Your answer should hold exactly the lines below from the line with "Weather proof woman’s" through the line with "Ліфтбек Tesla Model S 2013 в Дунаївцях", both included, and no pictures at all.

::::

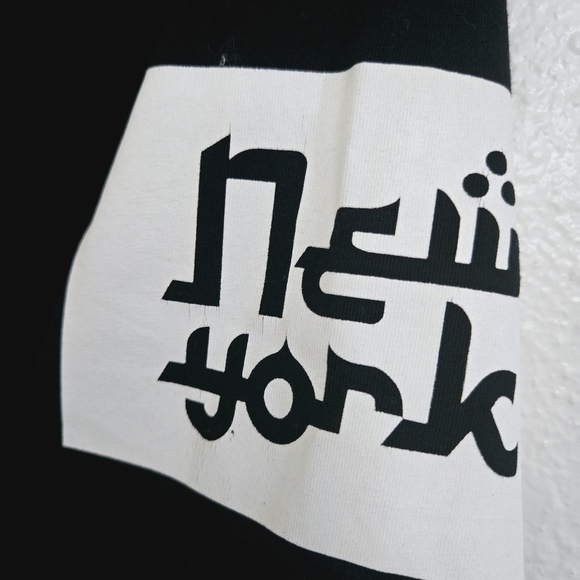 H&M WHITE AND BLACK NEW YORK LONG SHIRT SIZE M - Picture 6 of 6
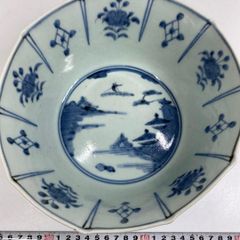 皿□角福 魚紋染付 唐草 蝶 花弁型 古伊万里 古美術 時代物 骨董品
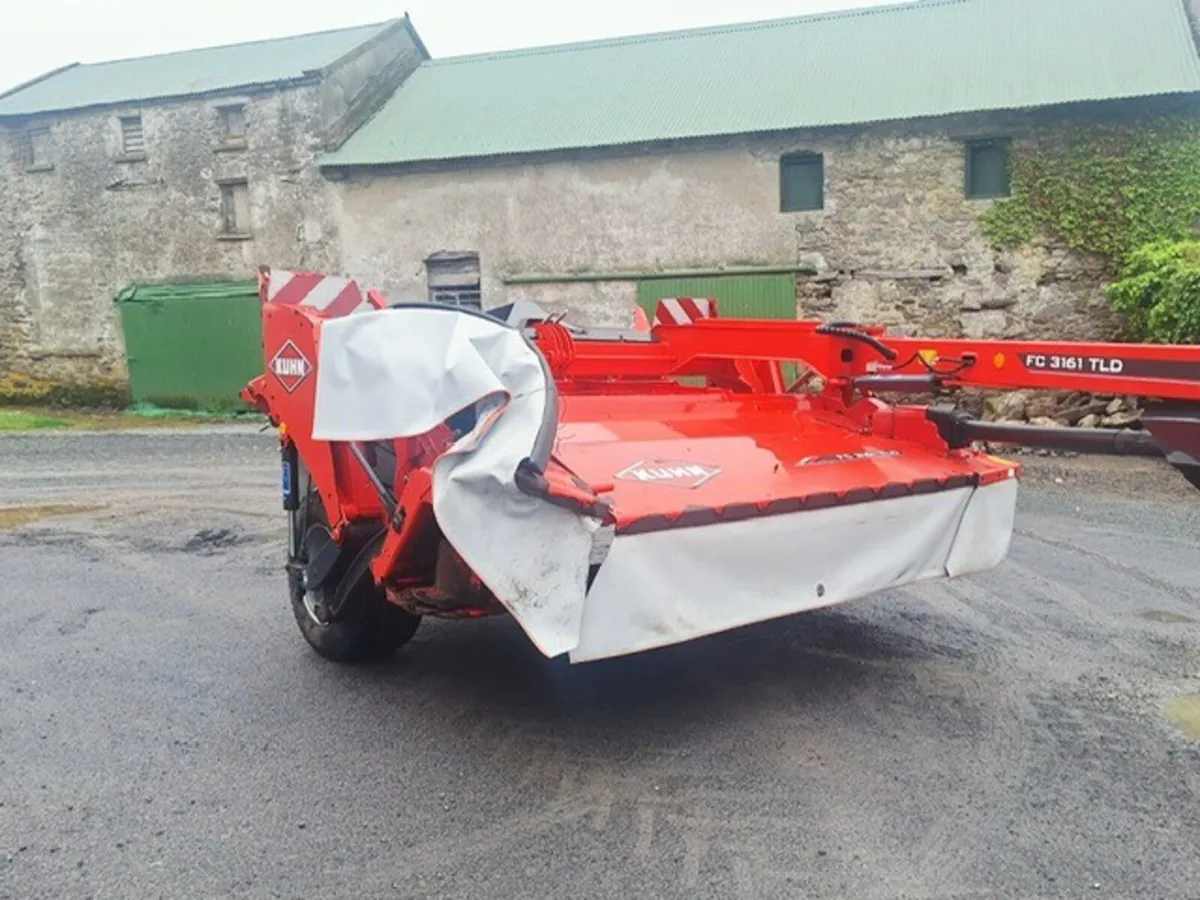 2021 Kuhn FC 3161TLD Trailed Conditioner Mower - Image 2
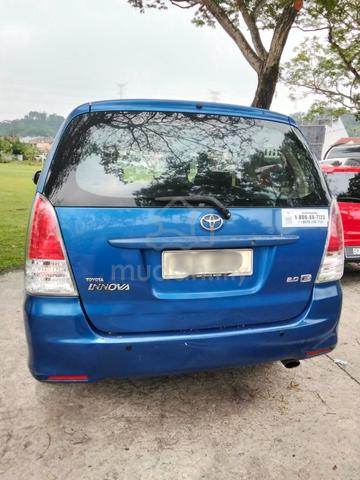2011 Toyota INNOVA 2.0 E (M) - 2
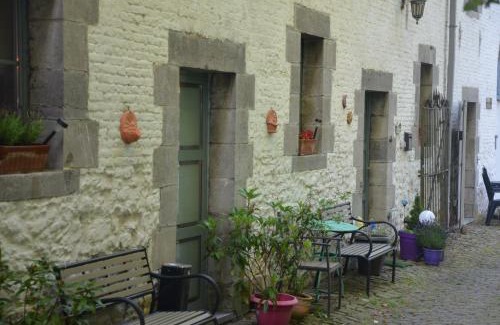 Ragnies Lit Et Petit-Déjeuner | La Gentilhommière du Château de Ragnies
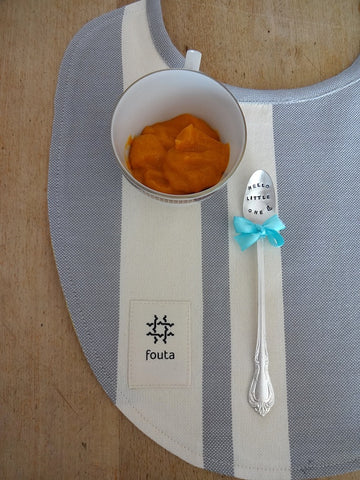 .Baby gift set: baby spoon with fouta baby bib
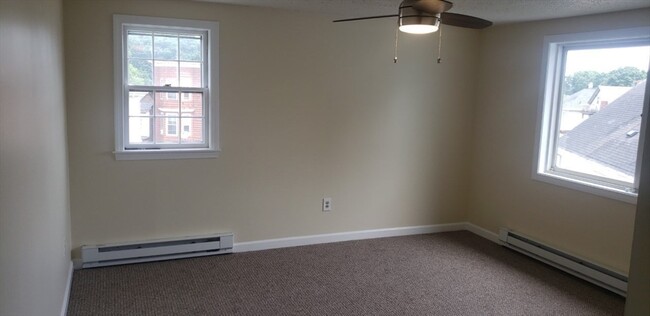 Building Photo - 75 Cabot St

::::

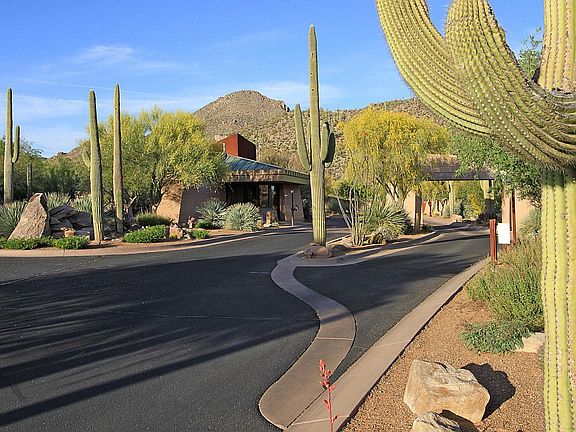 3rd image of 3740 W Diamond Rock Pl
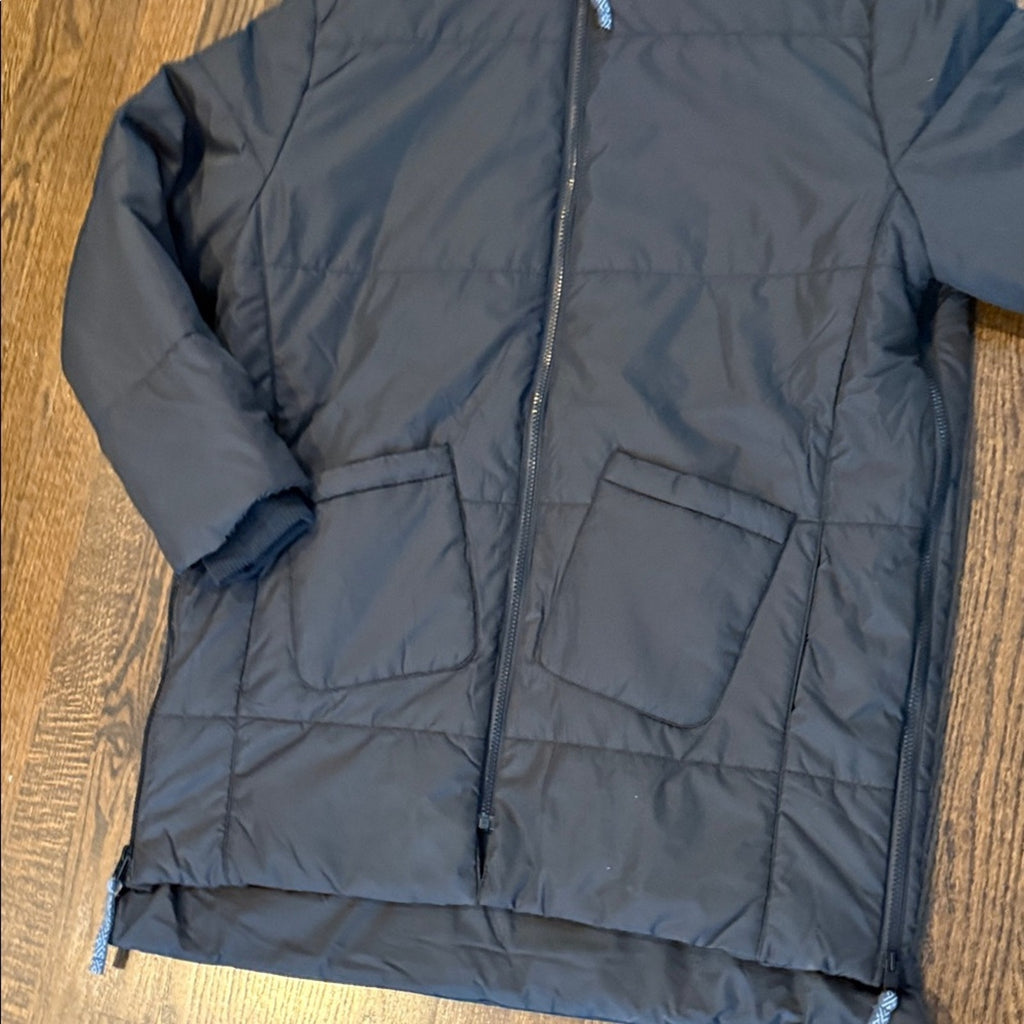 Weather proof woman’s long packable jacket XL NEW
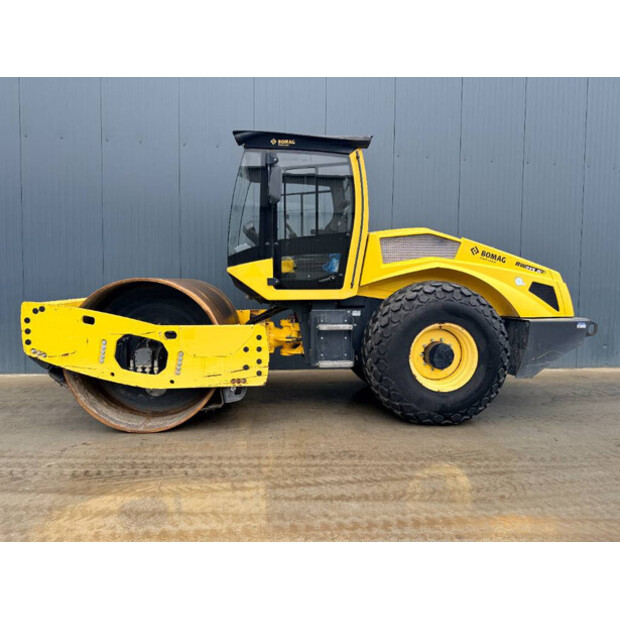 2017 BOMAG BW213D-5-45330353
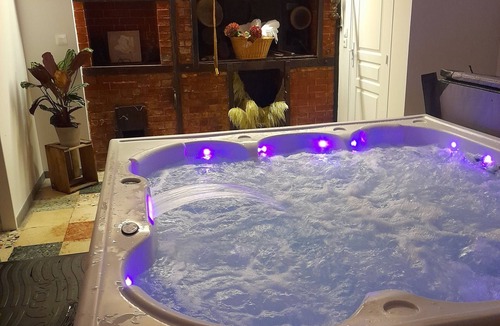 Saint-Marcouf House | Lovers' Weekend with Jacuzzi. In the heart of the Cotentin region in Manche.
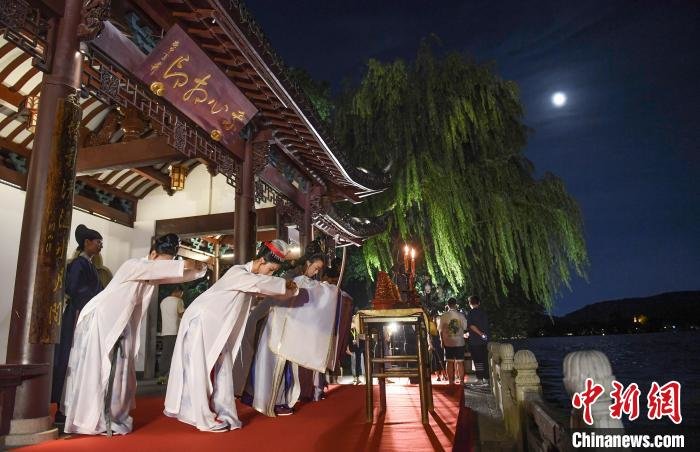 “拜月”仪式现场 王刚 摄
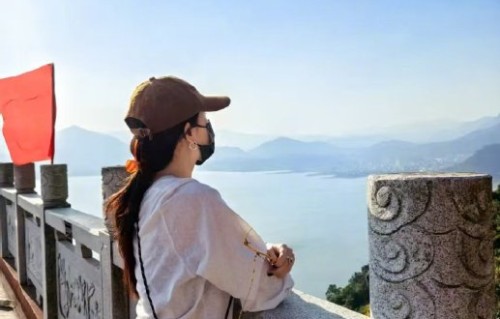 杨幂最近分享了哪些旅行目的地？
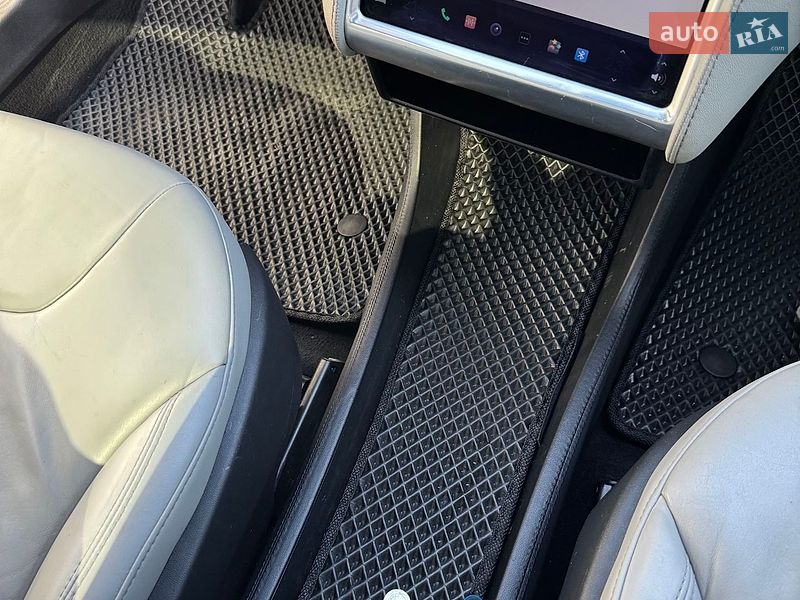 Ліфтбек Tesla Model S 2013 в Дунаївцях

::::

- [PROBLEM SOLUTION]:
 Weather proof woman’s long packable jacket XL NEW
 2017 BOMAG BW213D-5-45330353
 Saint-Marcouf House | Lovers' Weekend with Jacuzzi. In the heart of the Cotentin region in Manche.
 “拜月”仪式现场 王刚 摄
 杨幂最近分享了哪些旅行目的地？
 Ліфтбек Tesla Model S 2013 в Дунаївцях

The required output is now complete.